For true-adventure buffs: an engrossing tale of brains, careerism, and clashing egos on the high seas.
Eighty years ago, there was no more famous pop-science writer than William Beebe. As nature-documentary producer Matsen writes, by 1926 Beebe had produced 11 books and hundreds of articles about his adventures on behalf of the New York Zoological Society, for which he was a curator of ornithology, and in doing so had acquired thousands of fans. One was a Columbia engineering student named Otis Barton, who was amazed to read that Beebe was planning a descent via a “steel cylinder” into the Atlantic deep; the cylinder’s walls were reported to be a quarter-inch thick, good for a descent of a mile or more.
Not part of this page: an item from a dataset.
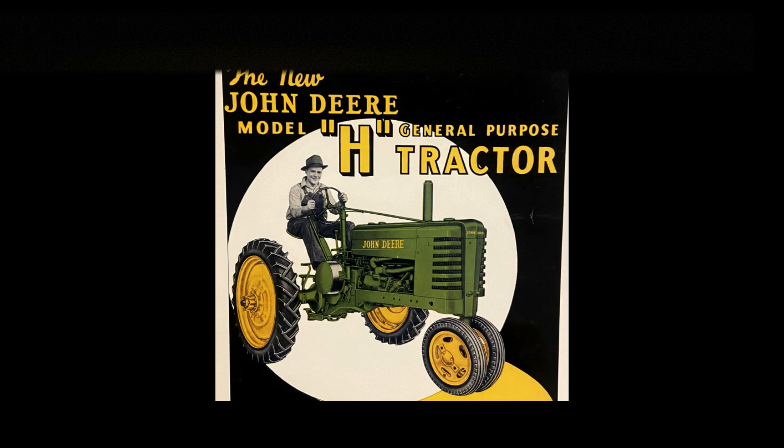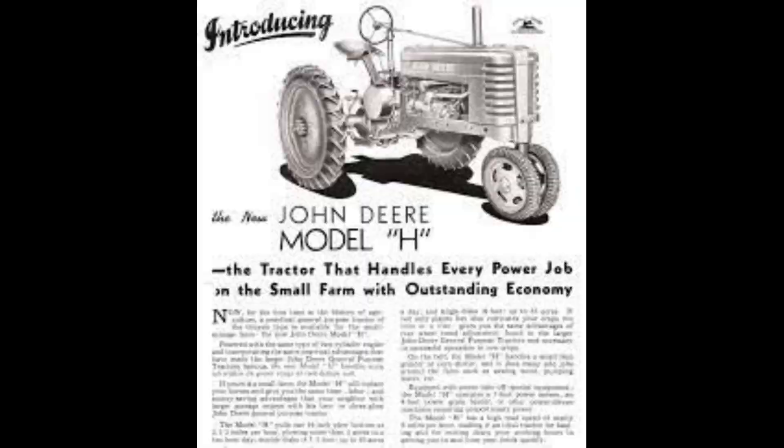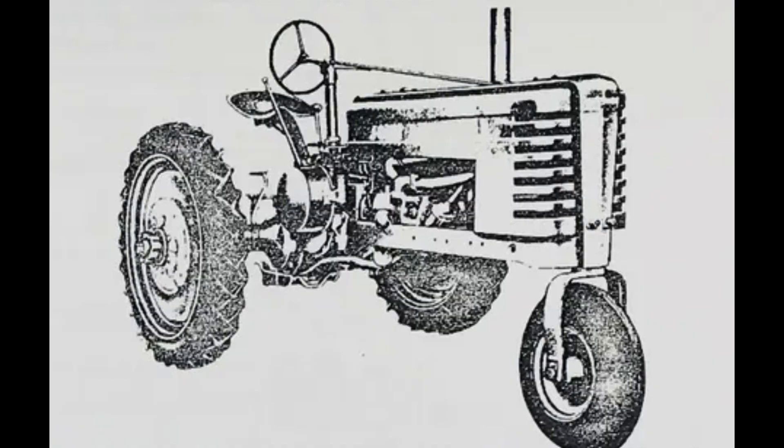There would end up being four different variations and options for this tractor. The main one and most produced was the Model H row crop. Following that, 978 of the HNs were produced — the HN being a narrow single front wheel, a setup that excelled on vegetable farms with narrow row spacings. Next was the HWH, with 133 produced, a high crop with a wide front end. And the last main variant, the HNH, was a high crop with a narrow single front wheel. With only 31 produced, it would be the most rare option. It's also said there are some short axle variants out there that are even more rare, but no one has an exact figure.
For the mission to succeed, however, Barton calculated that the tanker would have to be either much thicker or so heavily braced that a passenger would not be able to fit inside. Barton took his concerns to Beebe and struck a deal: Barton would pay for a bathyscaphe and accompany Beebe on a diving expedition. Beebe walked a tightrope between science and celebrity, Matsen writes, and it did not help matters that Barton was as hungry for renown as he; their diving efforts may have been less successful than either would have wished, but at least neither died—and their contraption worked. Still, Barton and Beebe fell out, with Barton complaining that Beebe hogged all the publicity and that none of the newspapers cared about his side of the story. “It wasn’t so much that Barton wanted more credit for building the Bathysphere and making the dives, though he had done all that,” writes Matsen, “but that every line of ink was money in the bank if he hoped to make a living in the movie business.” Beebe went on to other things, while Barton continued his diving experiments, both diminished by the feud.
Beebe is still somewhat known today, however, while Barton is not. Matsen gives him overdue recognition, even as he offers a cautionary tale about the price of fame.